***** RECORDS SUPPLIED *****

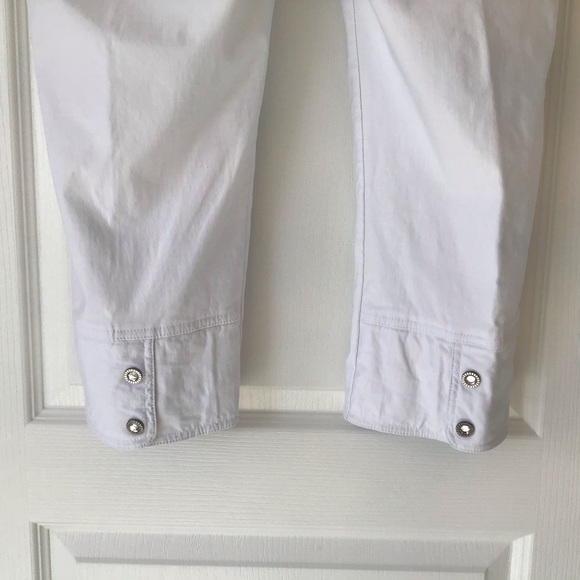 Simon Chang White Pull-On Capri Pants, Size 10 - Picture 6 of 15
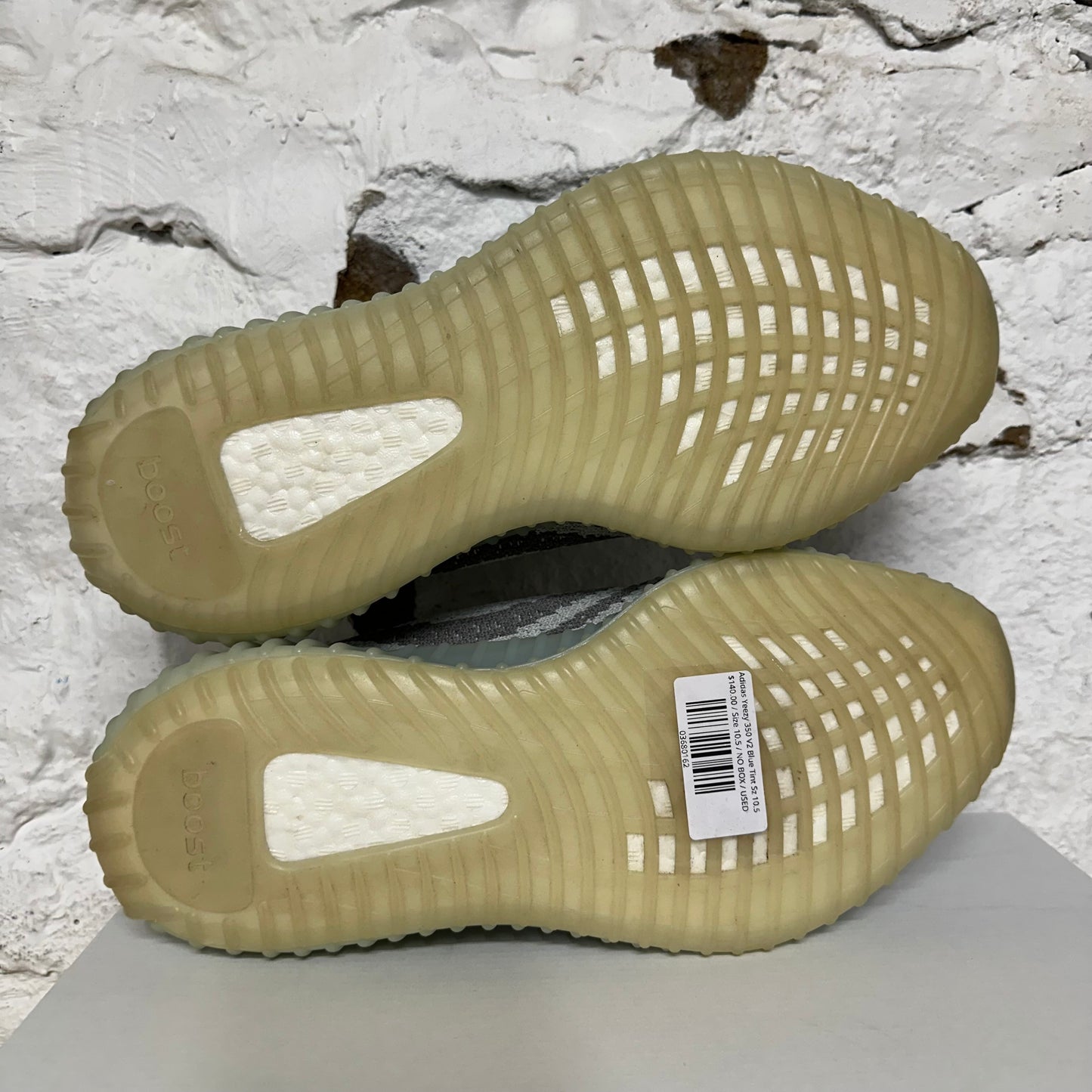 Yeezy 350 V2 Blue Tint Sz 10.5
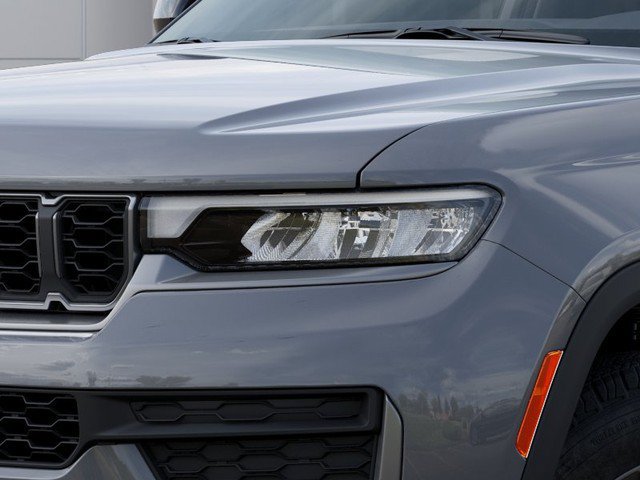 New 2027 Jeep Grand Cherokee Altitude AWD/4WD image 10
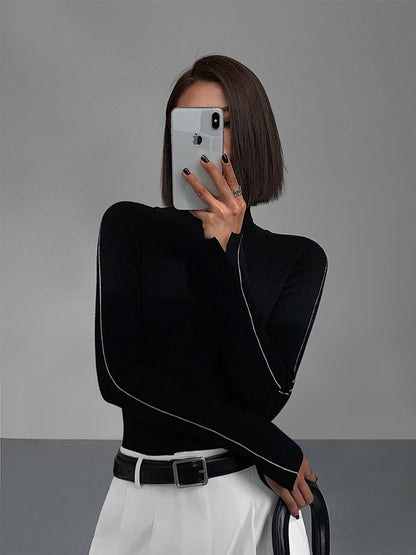 Contrast Piping Turtleneck Sweater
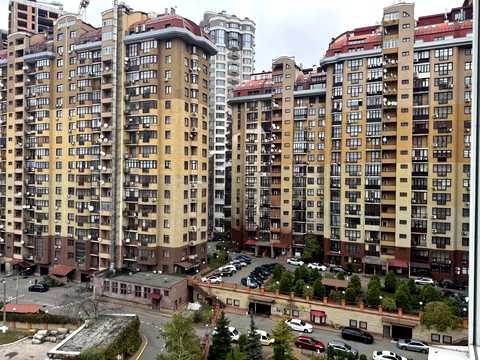 квартира за адресою Євгена Коновальця вул. (Щорса), 32-Г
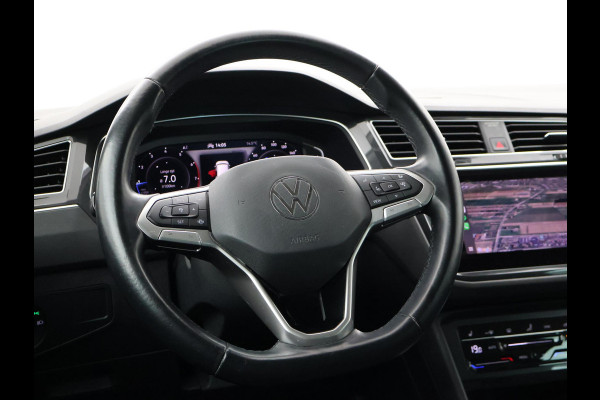Volkswagen Tiguan 1.5 TSI + WEGKL. TREKHAAK | VIRTUAL COCKPIT | STUUR/STOELVERW. | CAMERA | ADAPTIVE CRUISE | MASSAGE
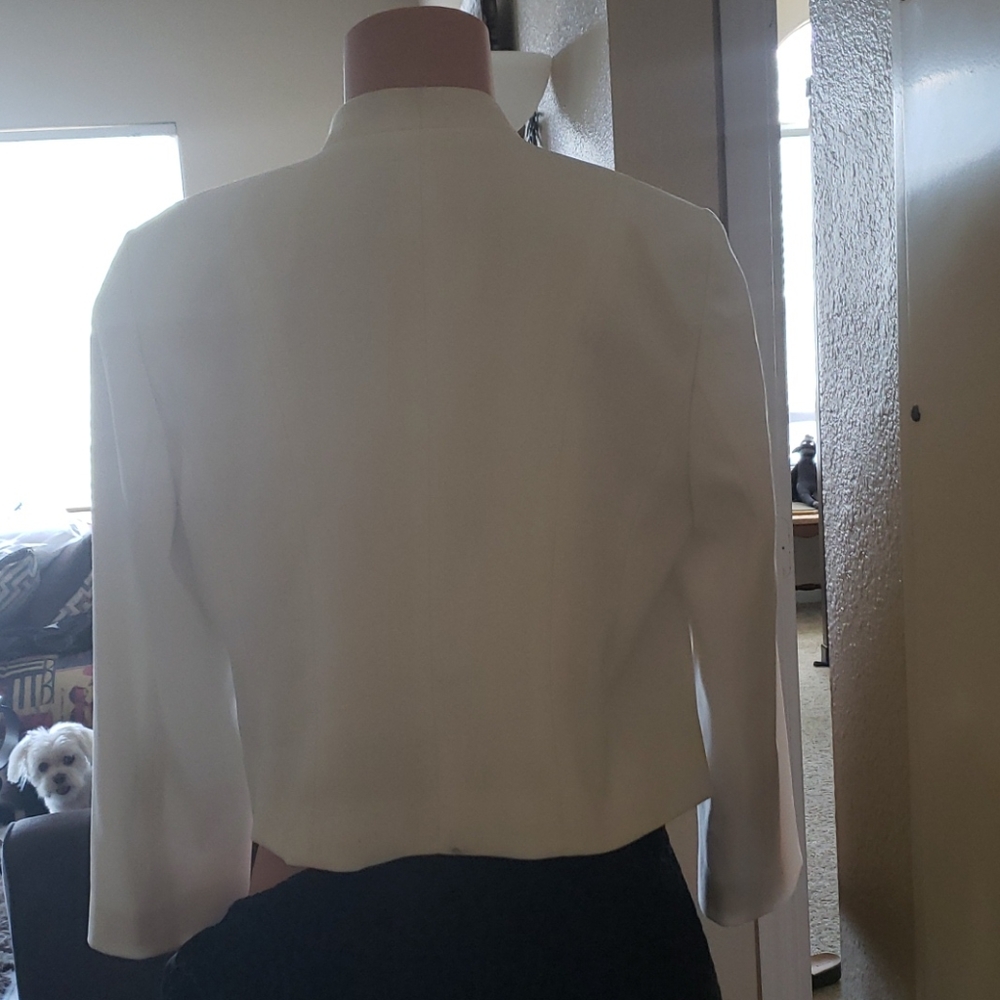 Jacket - Picture 2 of 4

*****

### GOAL OF THE EXERCISE
Where a record above contains a picture, leave the picture out and transcribe everything else exactly.

### YOUR RESPONSE
 Simon Chang White Pull-On Capri Pants, Size 10 - Picture 6 of 15
 Yeezy 350 V2 Blue Tint Sz 10.5
 New 2027 Jeep Grand Cherokee Altitude AWD/4WD image 10
 Contrast Piping Turtleneck Sweater
 квартира за адресою Євгена Коновальця вул. (Щорса), 32-Г
Volkswagen Tiguan 1.5 TSI + WEGKL. TREKHAAK | VIRTUAL COCKPIT | STUUR/STOELVERW. | CAMERA | ADAPTIVE CRUISE | MASSAGE
 Jacket - Picture 2 of 4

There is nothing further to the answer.